While lawmakers in Washington are still reeling from the news, here in Vermont the announcement was greeted with glee. In fact, in the state capital of Montpelier, it had been rumored as a wise move for more than a year, although Mr. Jeffords said it only recently occurred to him.

The local Republican leadership, of course, felt betrayed and called on Jeffords to step down so a new election could be held. But the outpouring of support on "Switchboard," a statewide call-in show on public radio that was extended an extra half-hour Wednesday, seems to indicate that Jeffords's move is in keeping with most of his constituents' desires.

"Vermont voters include a lot of independents, moderates, and liberals," says David Moats, the Pulitzer Prize-winning editorial writer for The Rutland Herald. "I don't think this will be viewed as political expedience, but will be understood as a decision of conscience."

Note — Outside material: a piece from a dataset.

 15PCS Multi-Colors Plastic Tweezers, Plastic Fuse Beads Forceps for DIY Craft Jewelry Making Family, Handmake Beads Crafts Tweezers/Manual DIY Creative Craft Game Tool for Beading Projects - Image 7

Yesterday morning, Jeffords explained his decision to the cheers of enthusiastic supporters. "I have changed my party label, but I have not changed my beliefs. Indeed, my decision is about affirming the principles that have shaped my career."

Such declarations of conscience have been voiced many times in the Green Mountains. First settled by farmers and loggers, Vermont declared itself a republic in 1777. It didn't join the other rebellious colonies in the Union until 1791. By then the state had already outlawed slavery, and it was an early advocate of abolition in the 19th century.

Throughout most of the 20th century, Vermont remained a rock-ribbed Republican stronghold in the Lincoln tradition. The people were so wary of federal power that, at the height of the Depression, they turned down the Roosevelt administration's offer to build a highway through the Green Mountains that would have brought millions of dollars and thousands of new jobs.

But a shift began when Vermonters elected a Democrat governor in 1962. As the national Republican Party looked South and to the right, Vermont began tilting to the left, in part because of the influx of what are known as "flatlanders" - liberals from New York and Boston fleeing the urban rush.

"There's a double helix," says Bill Mares, co-author of "The Vermont Owner's Manual." "So you've got the native strain of cantankerous, independent Lincoln Republicans. Then grafted onto that, the hippies and Democrats who moved up in the '60s and the '70s."

In 1981, a gadfly socialist who'd moved up from Brooklyn was elected mayor of Burlington by a 10-vote fluke. He hasn't lost an election since and is now US Rep. Bernard Sanders (I).

But Vermonters aren't always so accepting of outsiders. In 1998, the Republican leadership imported Jim McMullen, a Massachusetts man who had owned a summer house in Vermont, to run against Sen. Patrick Leahy (D).

He spent $450,000 in the primary, much of it his own money, but still lost to a septuagenarian local farmer named Fred Tuttle. In the general election, Fred, as he was known, asked people to vote for Mr. Leahy since his own wife wouldn't let him go to Washington.

Last year, Vermont became the first state to sanction legal unions between gay couples. That galvanized conservative Republicans in the state, the people that Jeffords had always had the hardest time attracting.

Vermont analysts believe that, in making his move to become independent, Jeffords is ceding to the new Republican Party those core conservatives - trusting that most of the state's voters will take him at his word, not his party.